Type out each record word for word. Pictures stay out.

[Data extracted from a collection]
===============

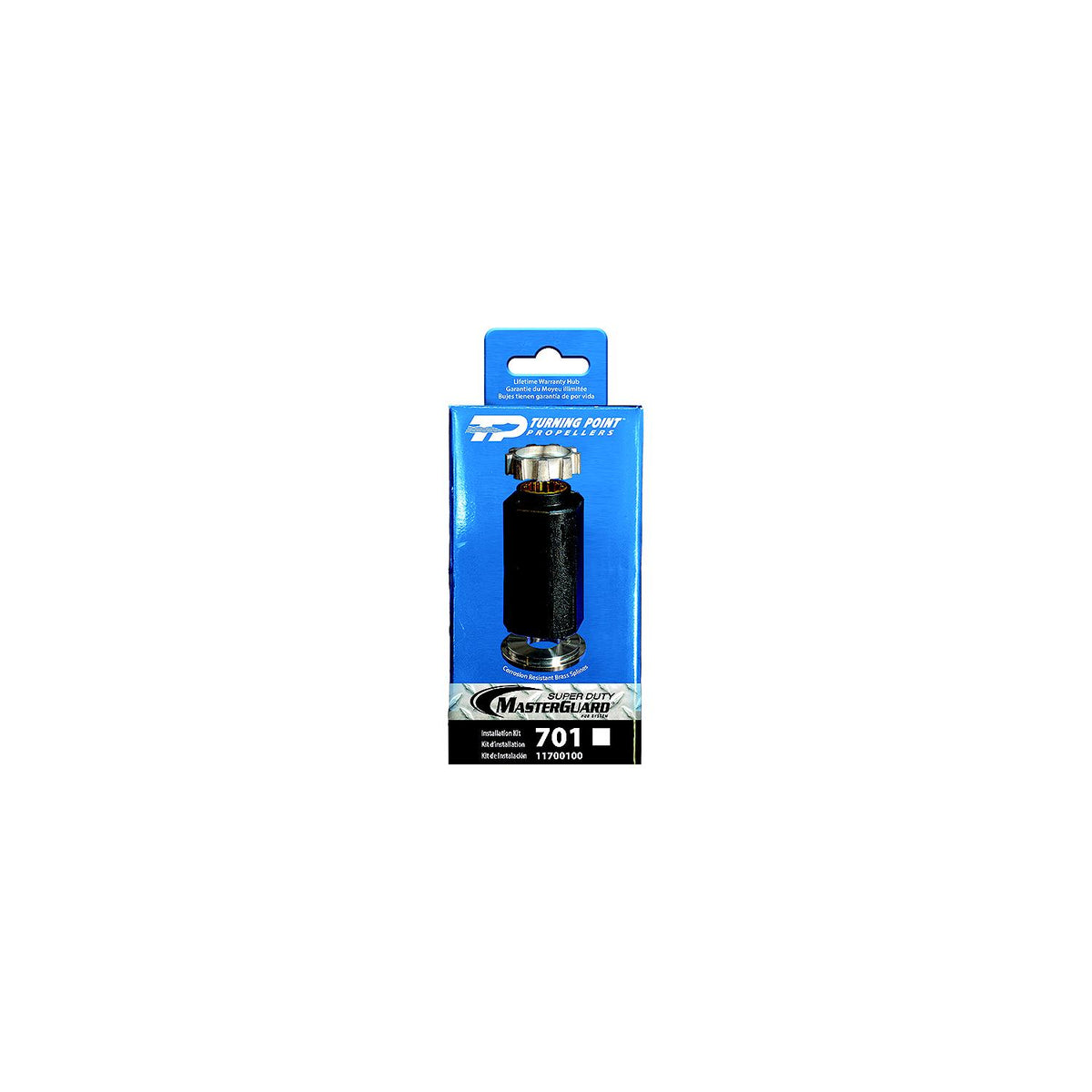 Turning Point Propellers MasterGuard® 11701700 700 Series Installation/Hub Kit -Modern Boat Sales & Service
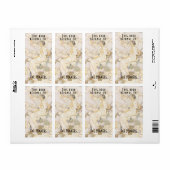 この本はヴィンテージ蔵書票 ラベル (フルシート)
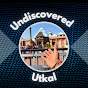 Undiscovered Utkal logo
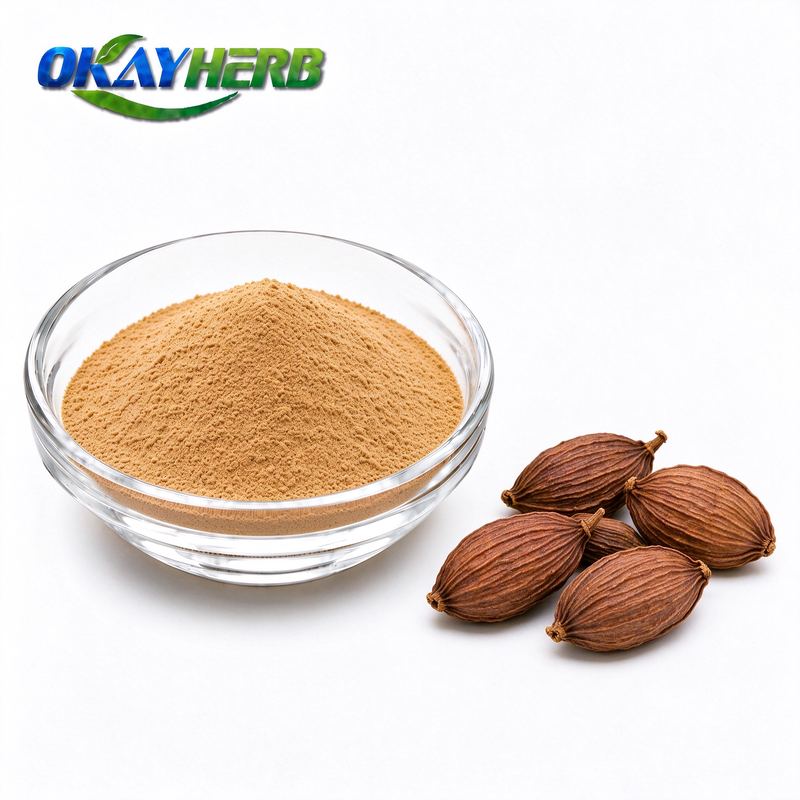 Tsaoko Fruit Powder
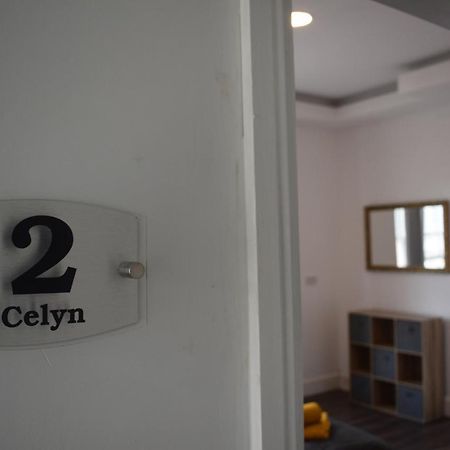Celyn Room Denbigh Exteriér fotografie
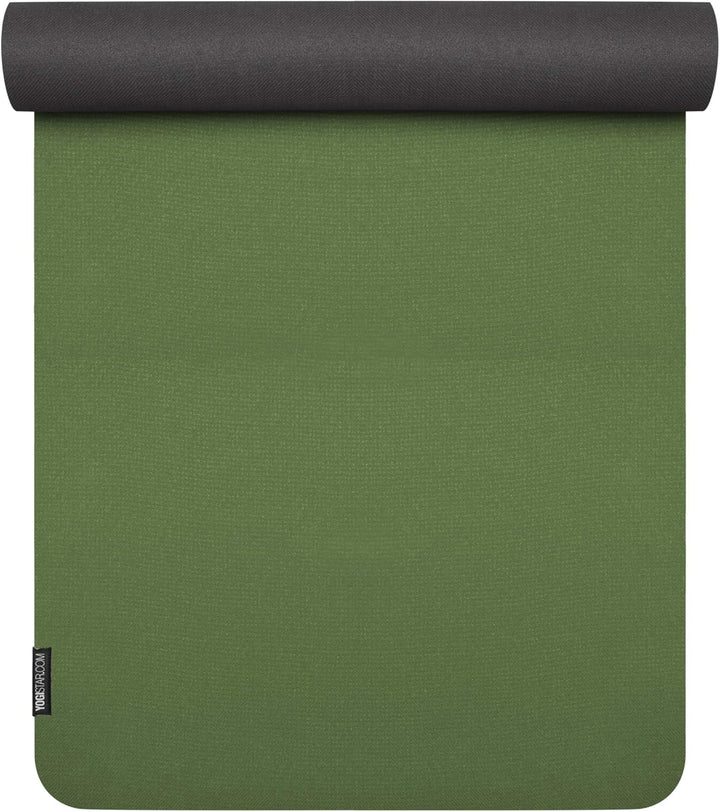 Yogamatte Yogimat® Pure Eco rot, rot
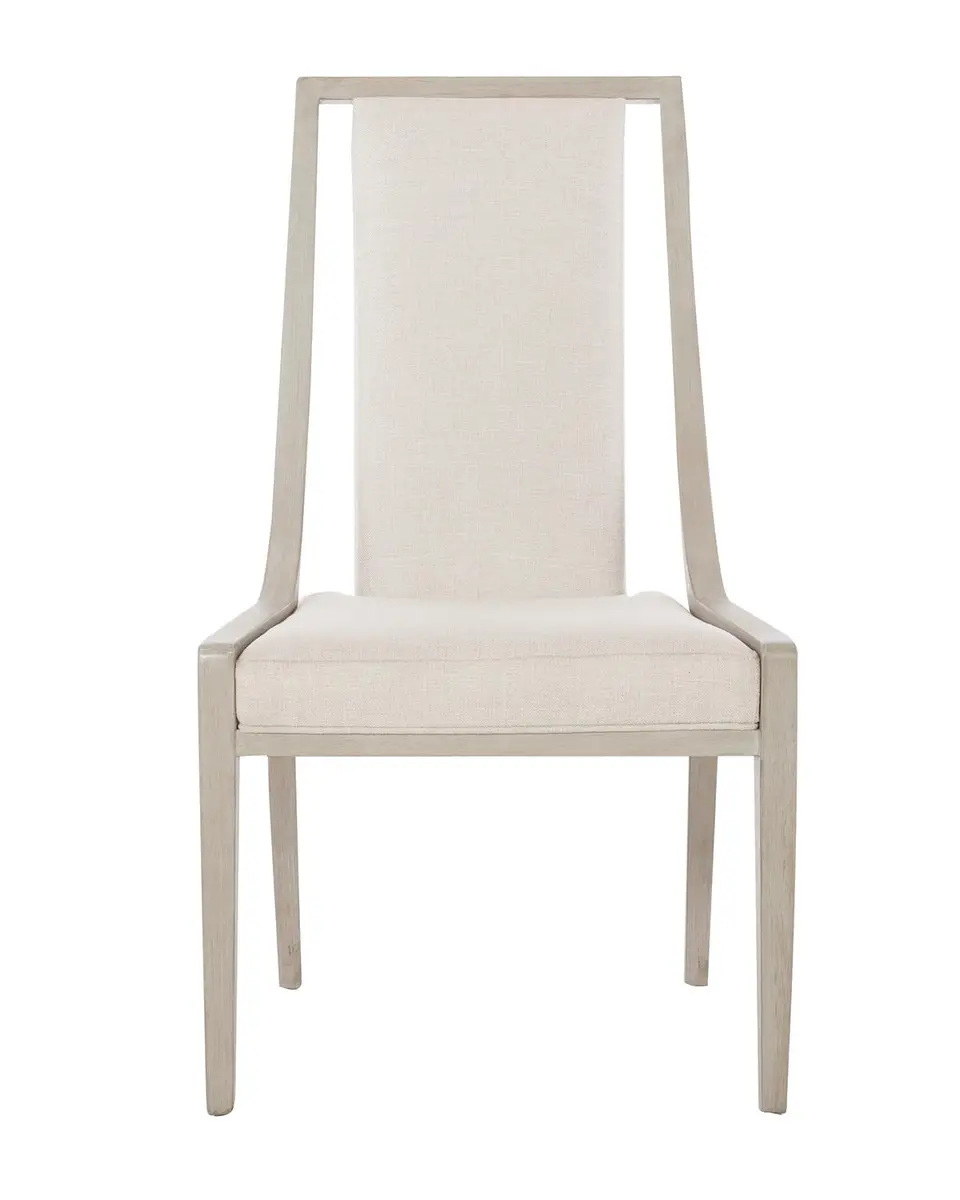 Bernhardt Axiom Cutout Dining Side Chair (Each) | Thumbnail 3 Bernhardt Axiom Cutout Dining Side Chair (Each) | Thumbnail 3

===============

**SOLVED EXERCISE**
 Turning Point Propellers MasterGuard® 11701700 700 Series Installation/Hub Kit -Modern Boat Sales & Service
 この本はヴィンテージ蔵書票 ラベル (フルシート)
 Undiscovered Utkal logo
 Tsaoko Fruit Powder
Celyn Room Denbigh Exteriér fotografie
 Yogamatte Yogimat® Pure Eco rot, rot
 Bernhardt Axiom Cutout Dining Side Chair (Each) | Thumbnail 3 Bernhardt Axiom Cutout Dining Side Chair (Each) | Thumbnail 3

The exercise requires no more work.